SRF/SSR New Investigator UK (2020) Putting pregnancy on hold down under – Dr Jane Fenelon, Research Fellow, Monotreme and Marsupial Reproduction and Development, The University of Melbourne, Australia

This talk will cover:
• What is embryonic diapause?
• Is the molecular control of diapause evolutionarily conserved?
• How can diapause research inform human reproduction?
• What’s next for diapause research?

Dr Jane Fenelon is a research fellow in the School of BioSciences, University of Melbourne, Australia. Her research has two main focuses. The first is on embryonic diapause, the ability of some mammals to temporarily pause their pregnancy. Her research focusses on understanding how the uterus and the embryo communicate with each other to control diapause and the implications of this for pregnancy in all mammals, including humans. Her second focus is on the reproduction and development of the echidna.
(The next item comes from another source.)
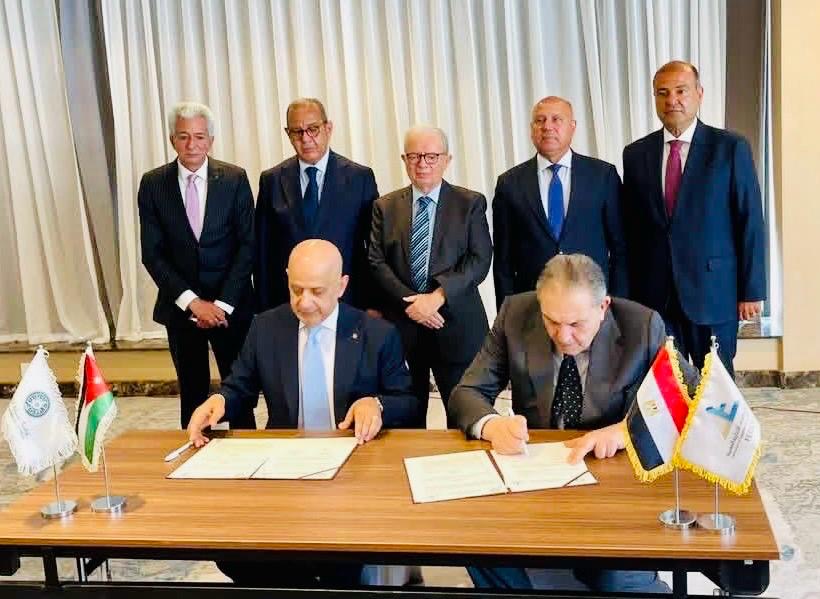 صورة حول : تجارة الأردن واتحاد الغرف التجارية المصرية يوقعان اتفاقية لإنشاء غرفة اقتصادية مشتركة تجارة الأردن واتحاد الغرف التجارية المصرية يوقعان اتفاقية لإنشاء غرفة اقتصادية مشتركة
The echidna is one of only 5 egg-laying mammals worldwide and this is the first in-depth study of its kind.

SRF/SSR New Inv USA (2020) – Dr Sue Hammoud, Assistant Professor, University of Michigan Medical School, USA

SRF/SSR New Investigator UK (2021) Epigenetic inheritance of predisposition to obesity: through the oocyte? – Dr António Galvão, Research Scientist, Babraham Institute, University of Cambridge, UK

Dr António Galvão received his degree in veterinary medicine from Faculty of Veterinary Medicine (FVM), Lisbon, Portugal, and a PhD from University of Lisbon, Portugal. Throughout his PhD and first postdoc, António studied the immune-endocrine crosstalk controlling ovaria and endometrial function in the large animals. His work integrated the collaborative programme between the laboratories of Professor G. Ferreira-Dias (FVM) and the Prof D. Skarzynski, Institute of Animal Reproduction and Food Research, Polish Academy of Sciences in Olsztyn, Poland (IARFR). He was subsequently awarded a fellowship for Excellence in Science, from the Polish Ministry of Higher Education, and appointed Assistant Professor at the IARFR, where he started instigating the impact of maternal obesity on the pathophysiology of ovarian failure. This work led to the award of a Marie Curie Individual Fellowship to train in cutting-edge single cell multiomic techniques to study epigenomics in the laboratory of Dr Gavin Kelsey, Babraham Institute in Cambridge, UK.

Within his research programme António integrates molecular, cellular and bioinformatic tools to study the cross-disciplinary link between maternal obesity, infertility, developmental programming and offspring predisposition to disease. He is interested in deciphering the impact of maternal obesity on ovarian and endometrial functional dysregulation. Furthermore, by applying state-of-the-art methods for single cell analysis and high throughput sequencing, he is willing to elucidate the contribution of an obesogenic oocyte legacy, in contrast to that of the intrauterine environment, for developmental programming and intergenerational predisposition to obesity.